Cash and temporary cash investments
    at beginning of year                                      3,022,985      2,232,843      1,997,007
                                                            -----------    -----------    -----------
Cash and temporary cash investments at end of year          $ 1,794,898    $ 3,022,985    $ 2,232,843
                                                            ===========    ===========    ===========
</TABLE>





See accompanying notes to financial statements.


<PAGE>   24
                            TEXAS PACIFIC LAND TRUST

                         Notes to Financial Statements

                        December 31, 1996, 1995 and 1994



(1)      Summary of Significant Accounting Policies

       (a)    General

              The fair market value of the Texas Pacific Land Trust's (Trust)
              land and royalty interests was not determined in 1888 when the
              Trust was formed; therefore, no value is assigned to the land,
              town lots, royalty interests, Certificates of Proprietary
              Interest and Sub-share Certificates in Certificates of
              Proprietary Interest in the accompanying balance sheets.
              Consequently, in the statements of income, no allowance is made
              for depletion and no cost is deducted from the proceeds of
              original land sales. Even though the 1888 value of the real
              properties cannot be precisely determined, the Trustees have
              concluded that the effect of this matter can no longer be
              significant to the Trust's financial position or results of
              operations. For Federal income tax purposes, however, deductions
              are made for depletion, computed on the statutory percentage
              basis of income received from royalties.

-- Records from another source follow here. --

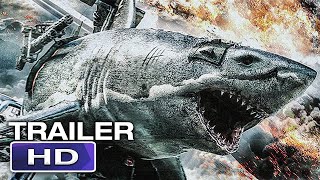 SKY SHARKS Official Trailer (2021) Flying Sharks Sci-Fi Movie HD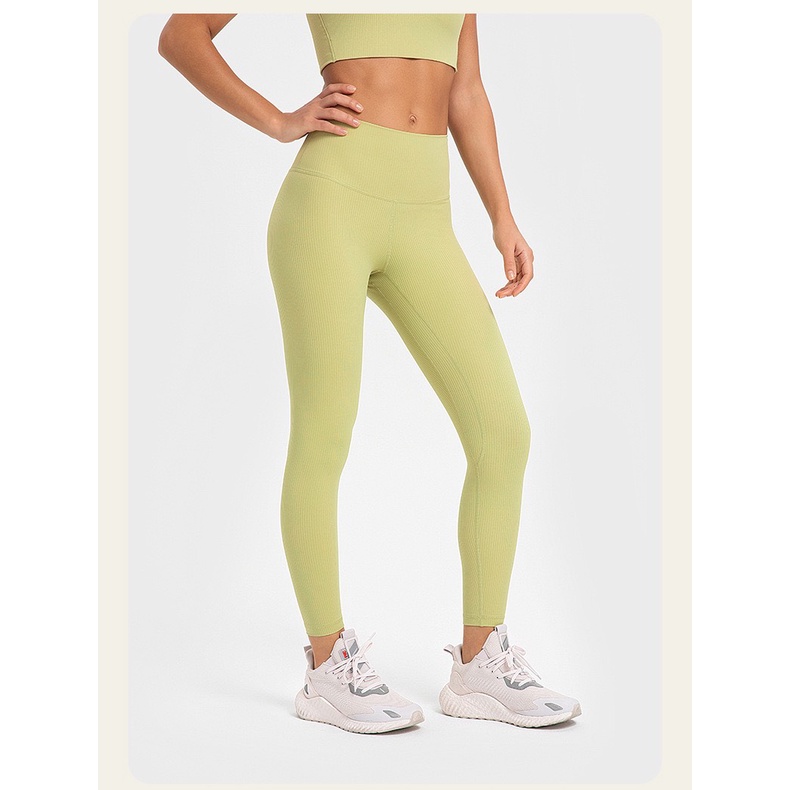 Quần Lulu Align Ribbed HR Pants 25'' Quần legging yoga, gym, pilates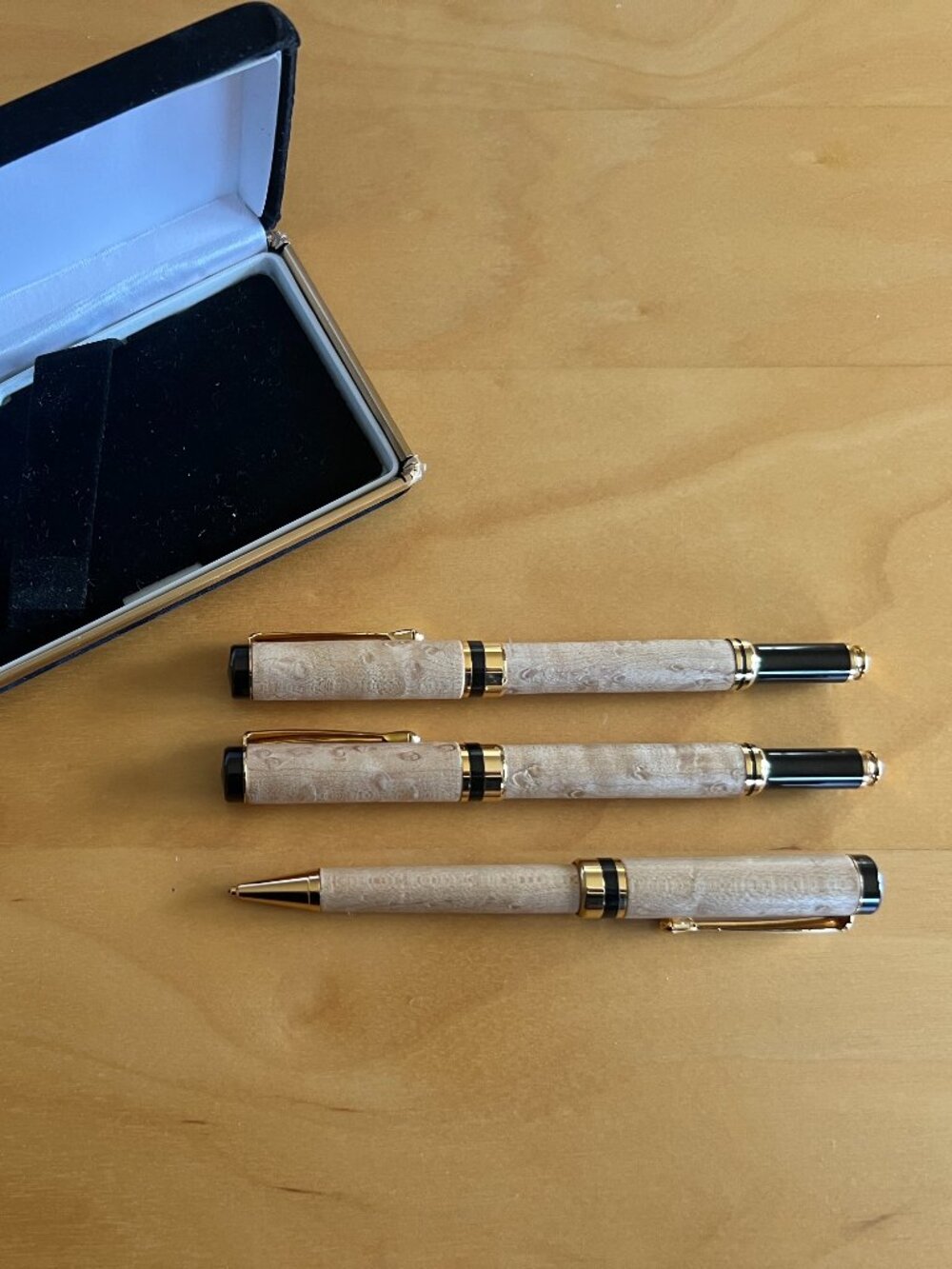 Vintage Handmade Pen Set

              The preparation of financial statements in accordance with
              generally accepted accounting principles requires management to
              make estimates and assumptions that affect the reported amounts
              of assets and liabilities and disclosure of contingent assets and
              liabilities at the date of the financial statements and the
              reported amounts of income and expenses during the reporting
              period. Actual results could differ from those estimates.

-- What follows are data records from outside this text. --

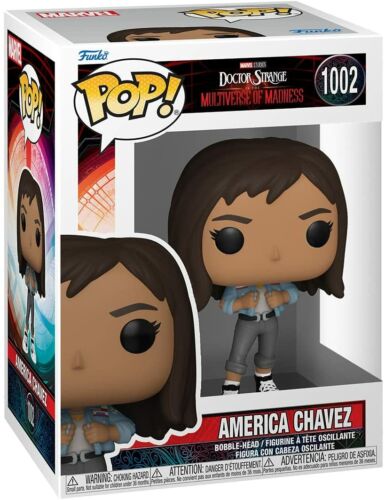 America Chavez Pop! Vinyl Figure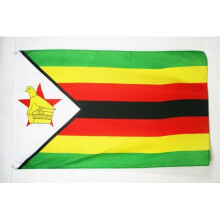 AZ FLAG ZIMBABWE FLAG 3' x 5' - ZIMBABWEAN FLAGS 90 x 150 cm - BANNER 3x5 ft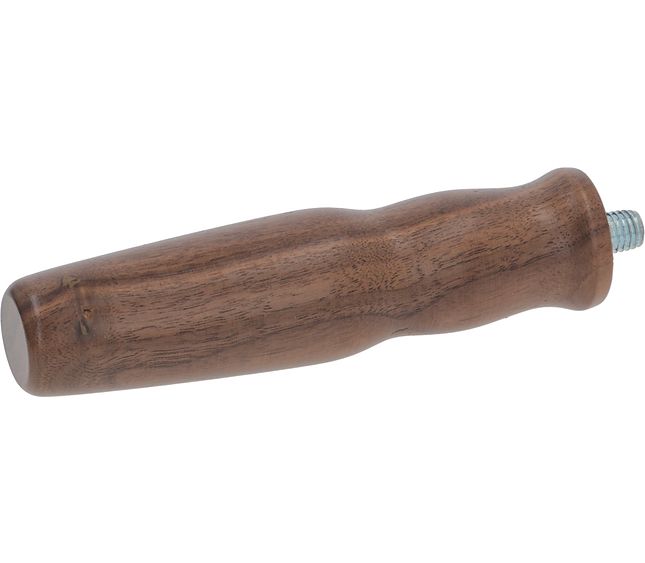 Universal Filter Holder Handle M10 Walnut Wood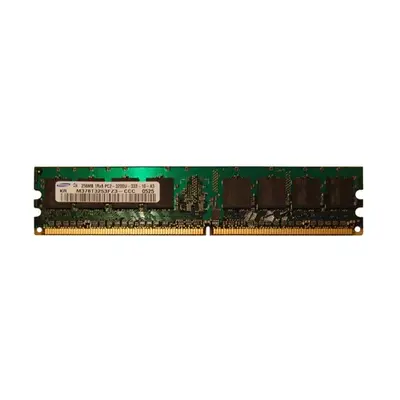 M378T3253FZ3-CCC Samsung 256MB DDR2-400MHz UDIMM 1Rx8 CL3 Memory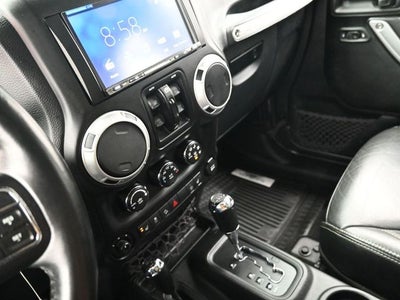 2017 Jeep Wrangler Unlimited Rubicon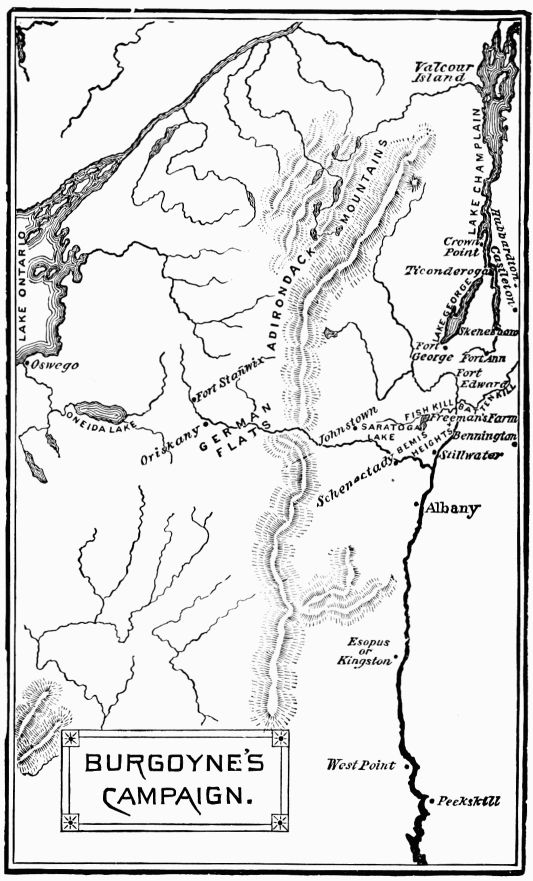 Burgoyne's Campaign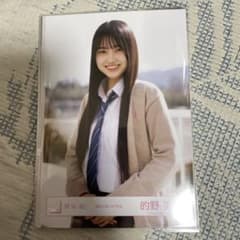 櫻坂46  的野美青　生写真  夏の近道MV制服  チュウのサムネイル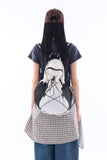 City trip string backpack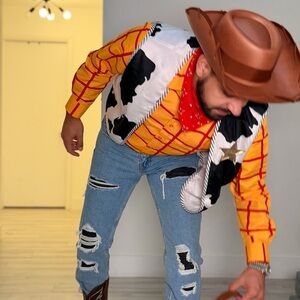 Woody men’s costume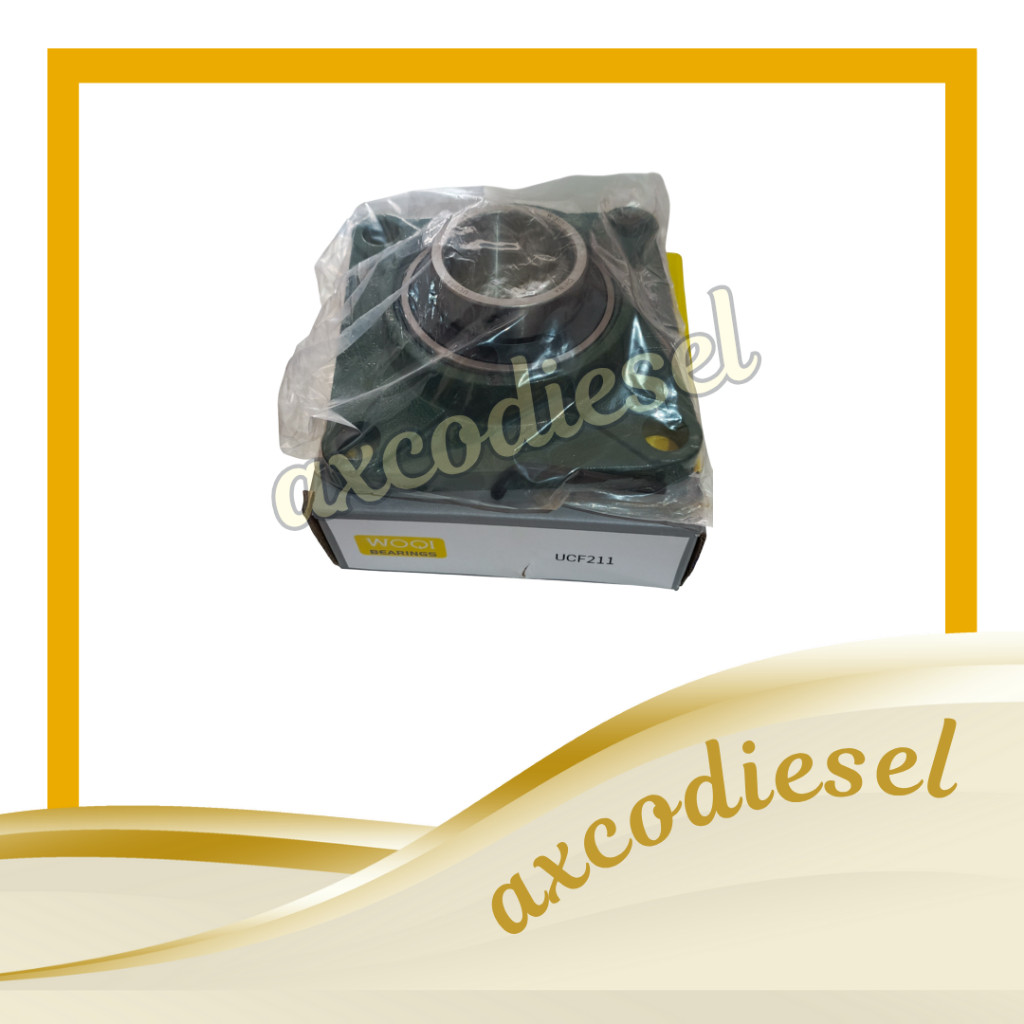 LAHER DUDUK PILLOW BLOCK BEARING UCF 211 WOOQI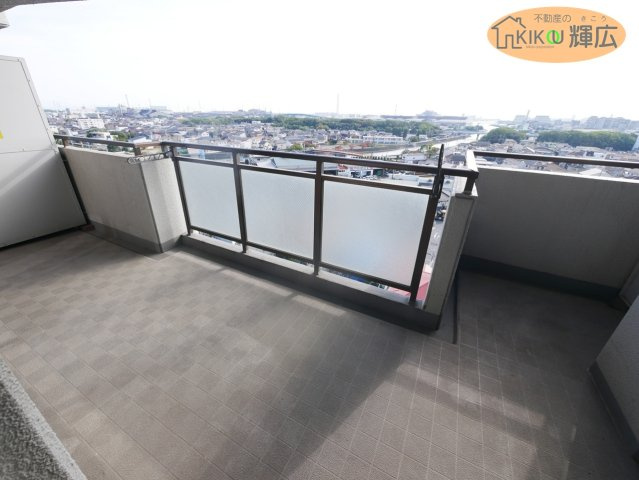 【バルコニー】 | ネオハイツ姫路アメティ228　11階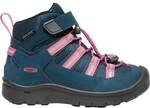 KEEN Kinder Trekkingstiefel HIKEPORT 2 SPORT MID WP C-BLUE WING TEAL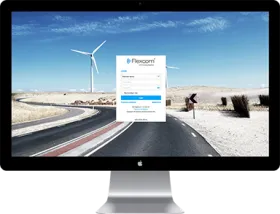 Software de monitorizare desktop Flexcom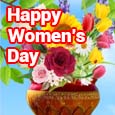 Happy Women’s Day To You...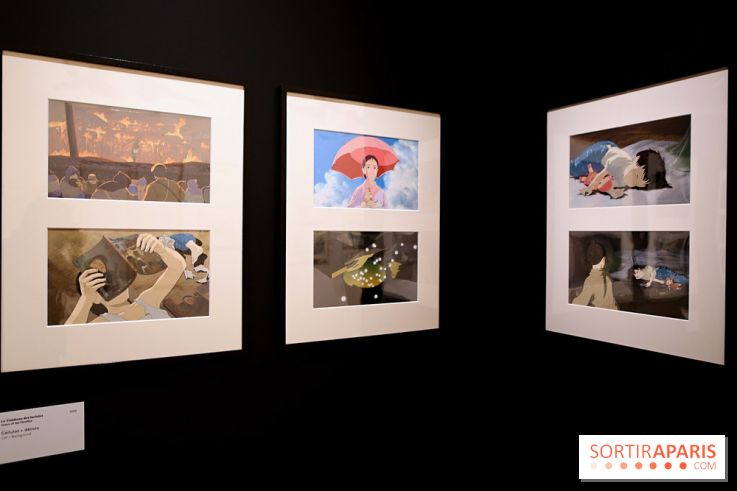 Isao Takahata - Pionnier du dessin animé contemporain, de l’après-guerre au Studio Ghibli, nos photos de l'expo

       (b)    Revenue Recognition and Notes Receivable

              The Trust generally receives cash payments on land sales of 25%
              or more within the first year of such sales. Thereafter, annual
              principal and interest payments are required by the Trust.
              Accordingly, income is recognized on land sales during the
              periods in which such sales are closed and sufficient amounts of
              cash down payments are received. For Federal income tax purposes
              such sales are recognized on the installment method. The
              installment method is also used for sales not meeting the minimum
              down payment requirements in Statement of Financial Accounting
              Standards No. 66.

              Notes receivable related to land sales bear interest rates
              ranging from 9% to 11% and are secured by first lien deeds of
              trust on the properties sold. The annual installments on notes
              are generally payable over terms of 3 to 15 years. There is no
              penalty for prepayment of principal, and prepayments in 1996,
              1995 and 1994 were $146,230, $1,638,911 and $959,053,
              respectively. The interest rates on notes receivable are
              considered comparable with current rates on similar land sales
              and, accordingly, the carrying value of such notes receivable
              approximates fair value. There was no allowance for uncollectible
              accounts at December 31, 1996 and 1995. One customer represented
              approximately 16% and 14% and another represented approximately
              14% and 10% of the Trust's notes receivable balance at December
              31, 1996 and 1995, respectively.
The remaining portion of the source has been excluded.